Austin – Six months have elapsed between the U.S. and British releases of Wanted on Voyage, George Ezra’s debut record on Columbia, so that the U.S. release could be synchronized with Ezra’s breakout radio hit, “Budapest,” and his first North American tour. (Ed., Best New Bands spoke with Ezra recently; our interview will be published shortly.)
Chances are you’ve already heard some, maybe even a lot, of the material on Wanted on Voyage. Besides the timing, one third of these songs have appeared on Ezra’s earlier releases, 2013’s Did You Hear the Rain? and last year’s Cassy O’.
As some of the best tracks on Ezra’s first two releases, you could do worse for “filler material.” Especially “Budapest”, Ezra’s song originally included on Did You Hear the Rain?, already #1 at Triple A radio and starting to conquer other formats. The plucky, melodic blues croon probably reigns as Ezra’s best song, and its inclusion here is smart from a promotional standpoint, even if it raises questions about his readiness to put out an album.
So with just eight tracks’ worth of new material, what kind of impression does Wanted on Voyage leave? A pretty good one, overall. The bluesy songwriting that won him a record deal is present in this limited sample. Besides two singles-worthy cuts, devoted listeners will find a favorite song in the rest of the album. Moreover, Ezra grows into the space provided, showing the flexibility and range necessary to put together an album’s worth of material. That he didn’t do it this time around winds up only a venial sin.

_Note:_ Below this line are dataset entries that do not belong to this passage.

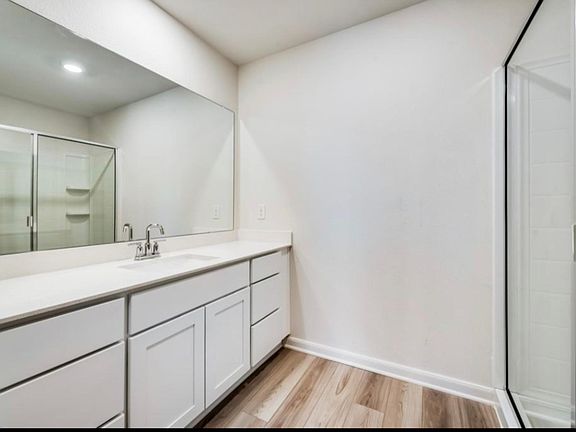 5th image of 318 Marsh Ln #318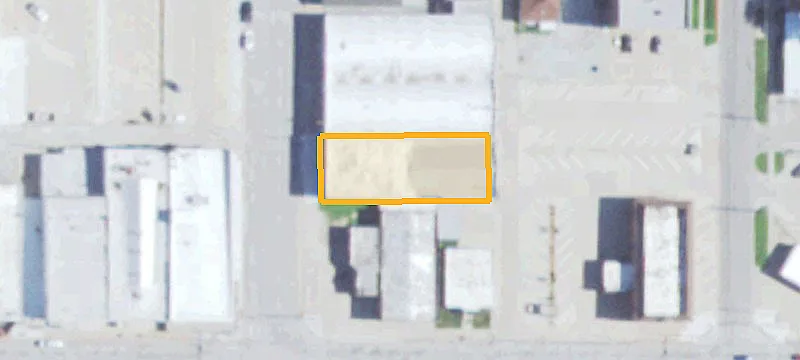 110 7th St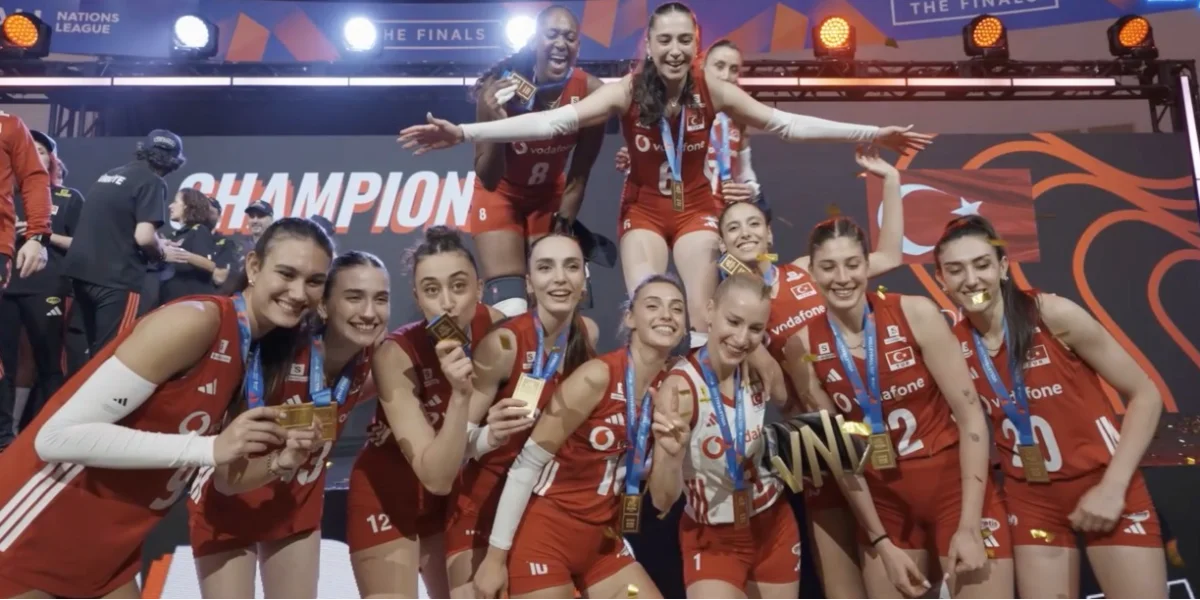 Şebnem Ferah'tan Voleybol Milli Takımlarına 'Durma' Çağrısı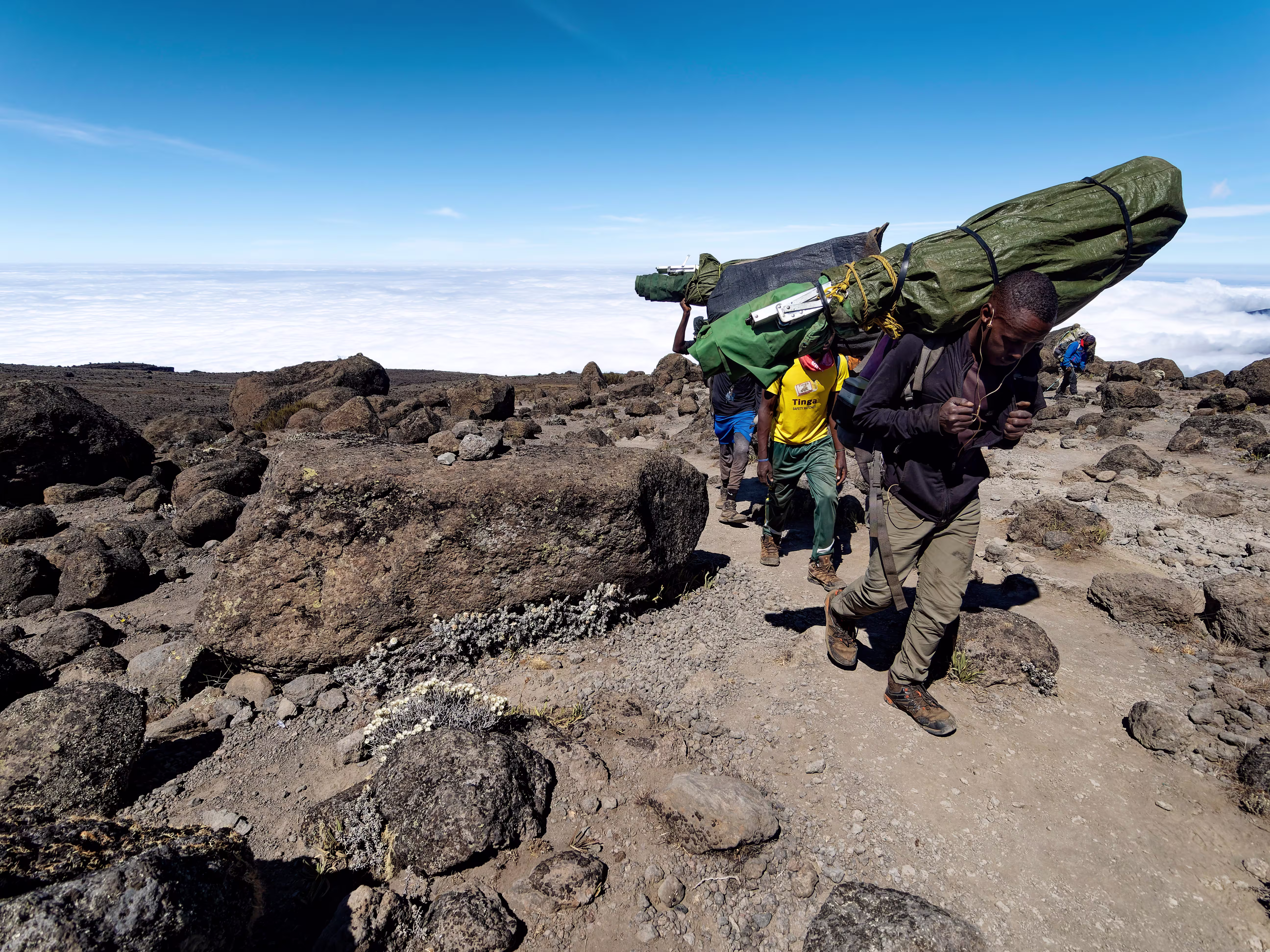 Portatori verso la Lava Tower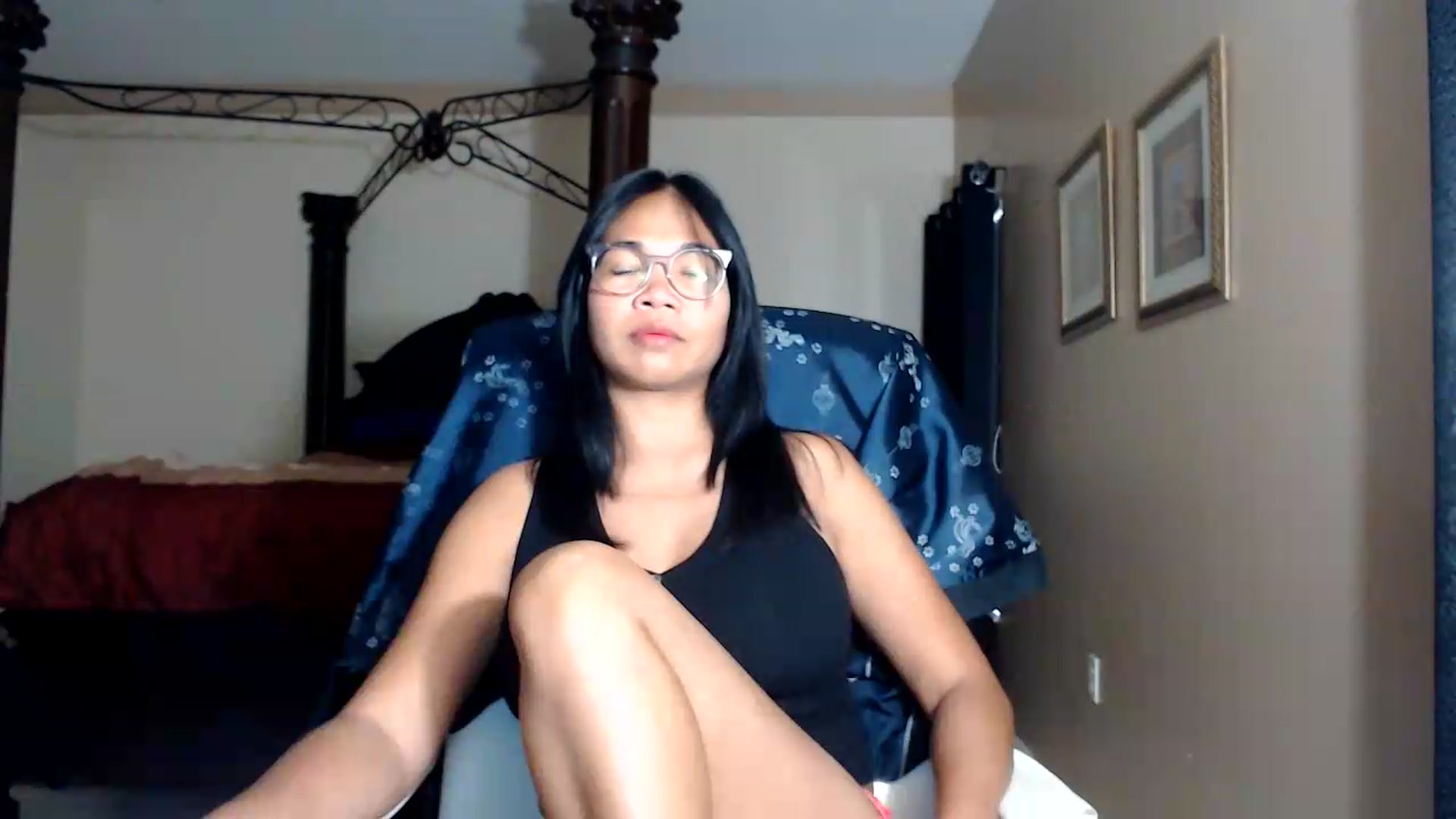 Gallery image thumbnail from Littlekai2030's myfreecams stream on, 08/11/2026, 24:00 image 15 of 20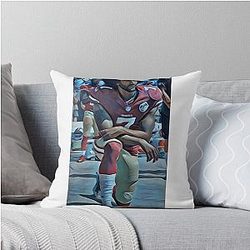 Colin Kaepernick kneeling Throw Pillow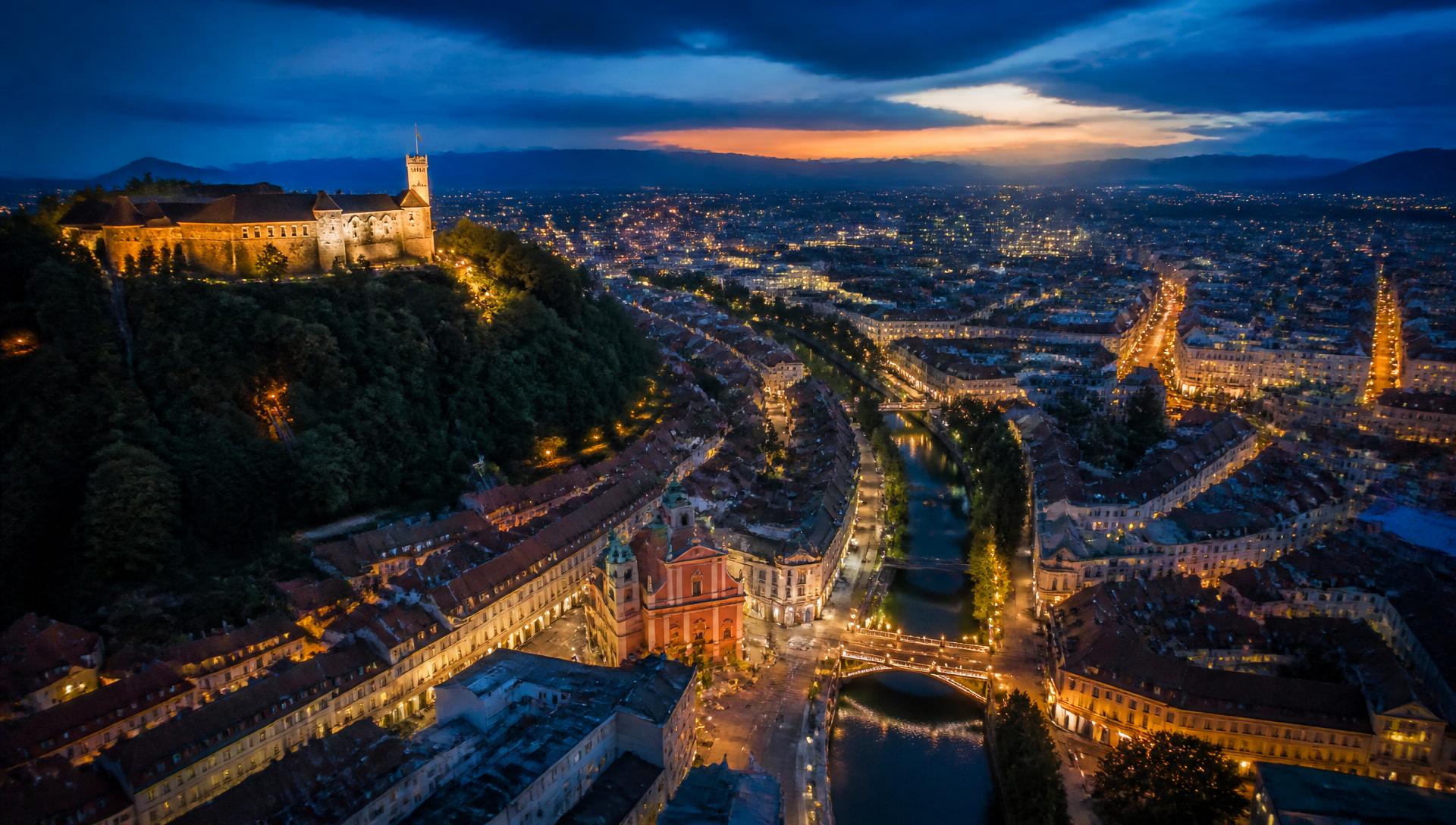 Kongresni trg, Ljubljana, blue hour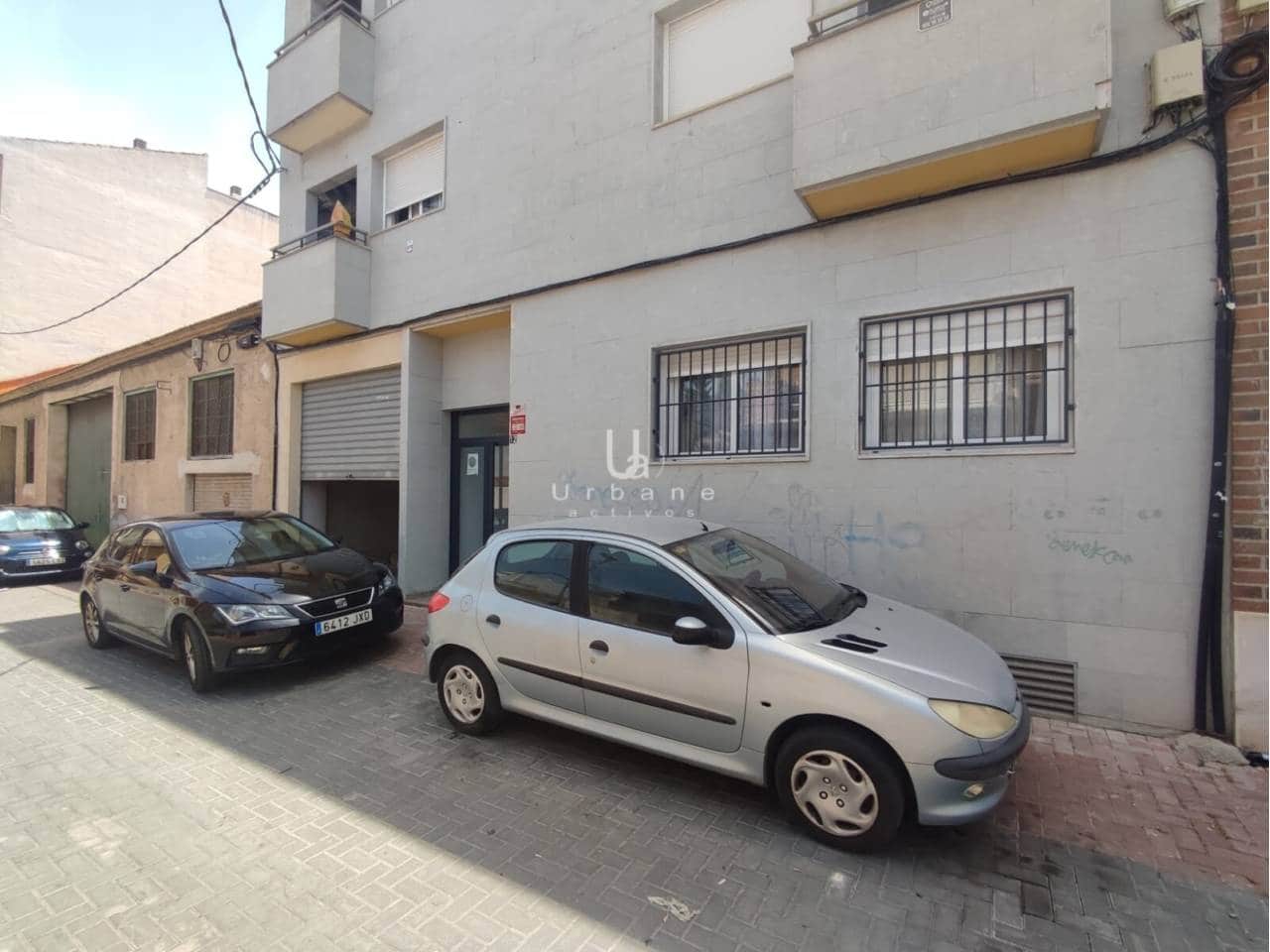 Commercieel te koop in Beniajan - € 80.000 (Ref: 9937451)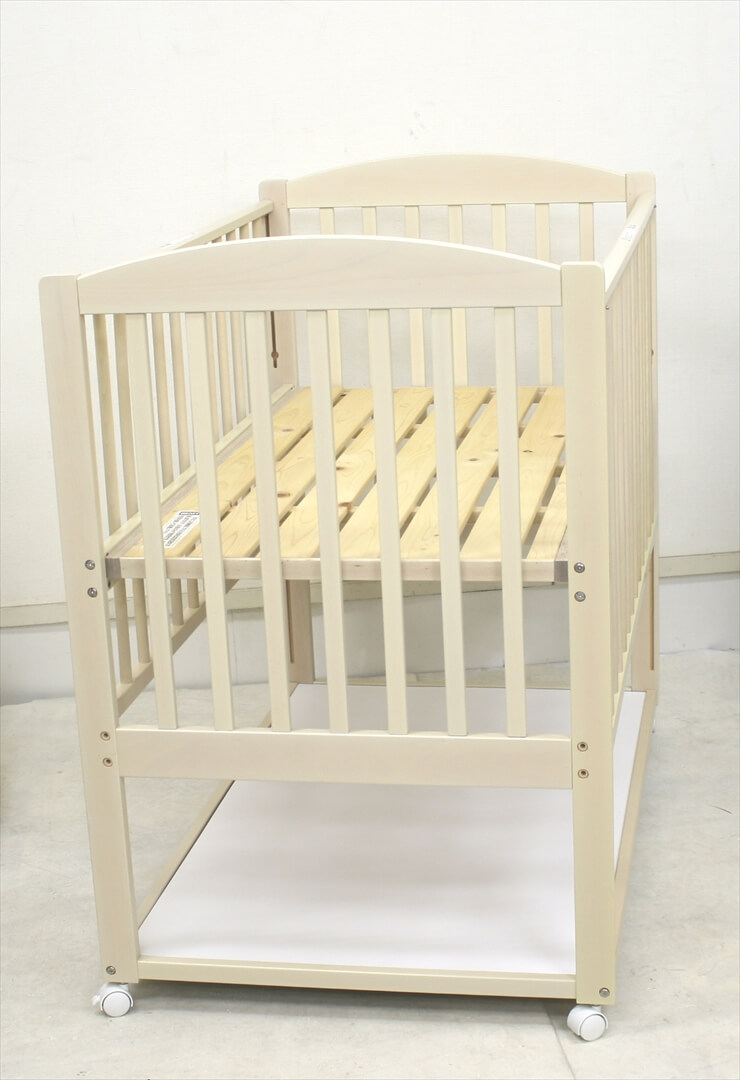 サワベビー デュアルスライドベッド S-500　澤田工業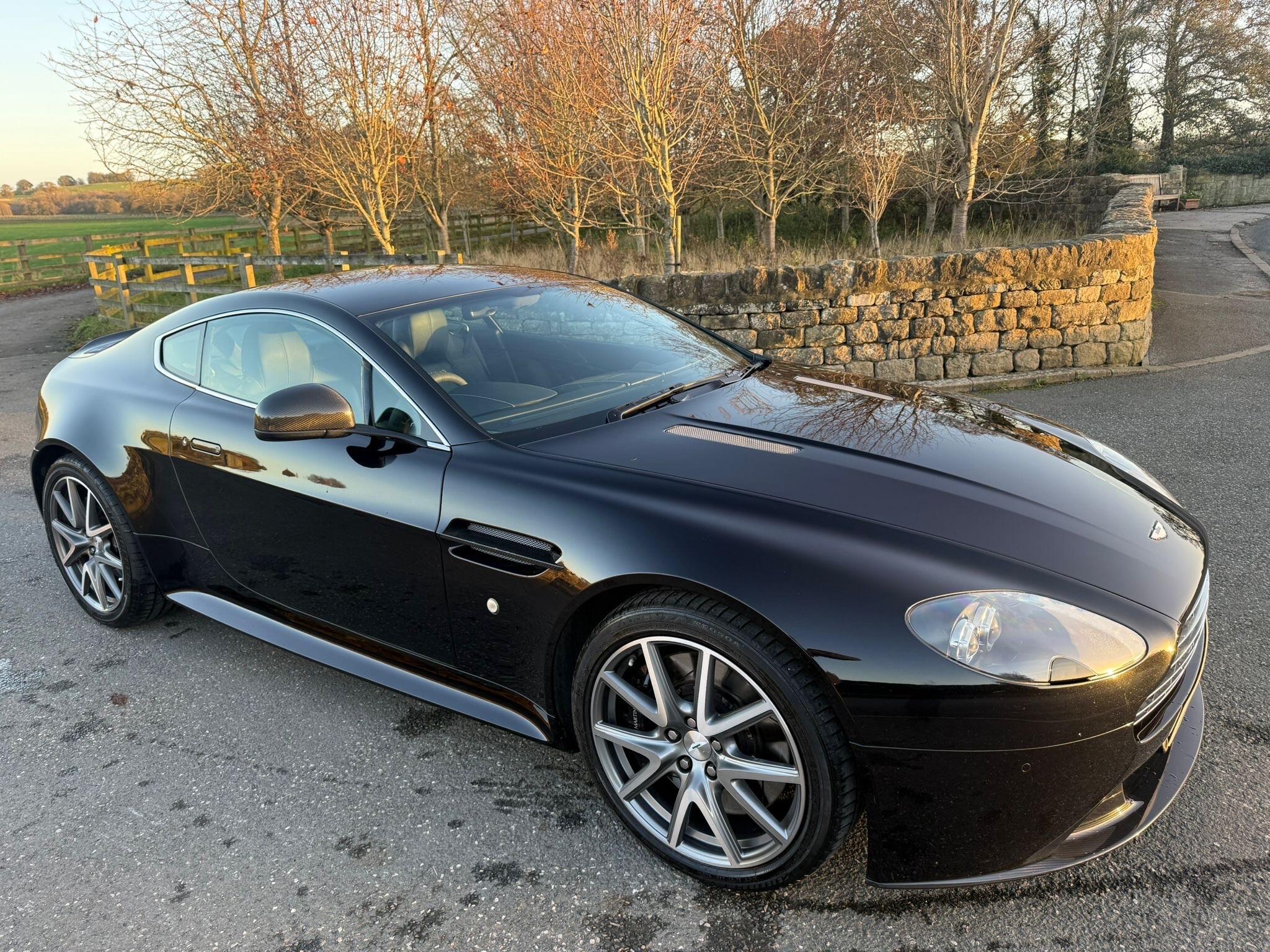 Aston Martin Vantage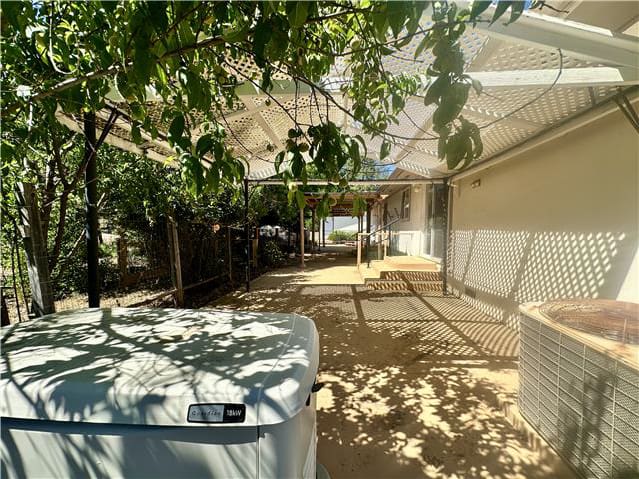 20511 Nob Hill Cir photo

“Listen to the Man” isn’t my favorite George Ezra song, but it is an example of Ezra’s sustained ability to do what he does best: making a blues touch at home on a song where it shouldn’t be. In this case, a quintessentially modern bedroom love song, a hybrid carried by 12-bar strum barely accompanied by what might be a toy piano way in the background, and lyrics that start with “I feel your head resting heavy on your single bed.”
If I did have to pick a favorite it would be “Stand by Your Gun.” Cribbing afro-pop secondhand from Vampire Weekend, “Stand by Your Gun” presents a surprisingly jammy minor key love song, something I think Ezra didn’t quite pull off with “Did You Hear the Rain.”
Encouraging as it is to hear Ezra continuing to make good on the promise of his earlier material, there are places where he seems to stand still—the title of “Barcelona” telegraphs an intent to repeat the success of “Budapest,” but it only half-commits to that blueprint. The key and affect diverge, but the same arrangement of melodic guitar and soft kick drum accent is telling a similarly romantic tale. To be clear, it’s hardly the same song: but it lacks the pretty ambiguity that made “Budapest” a success.
In our own interview, George Ezra has called himself relaxed, and described an approach to songwriting that doesn’t force things, that lets ideas develop at their own pace. Comfortable un-hurried doesn’t just characterize most of the songs on Wanted on Voyage, but Ezra himself. As a reviewer and a professional watcher-of-music you want to see a debut album that comes out swinging, but this feels like exactly the record Ezra wanted to make, and a record that will be loved by the people who will be drawn to his music.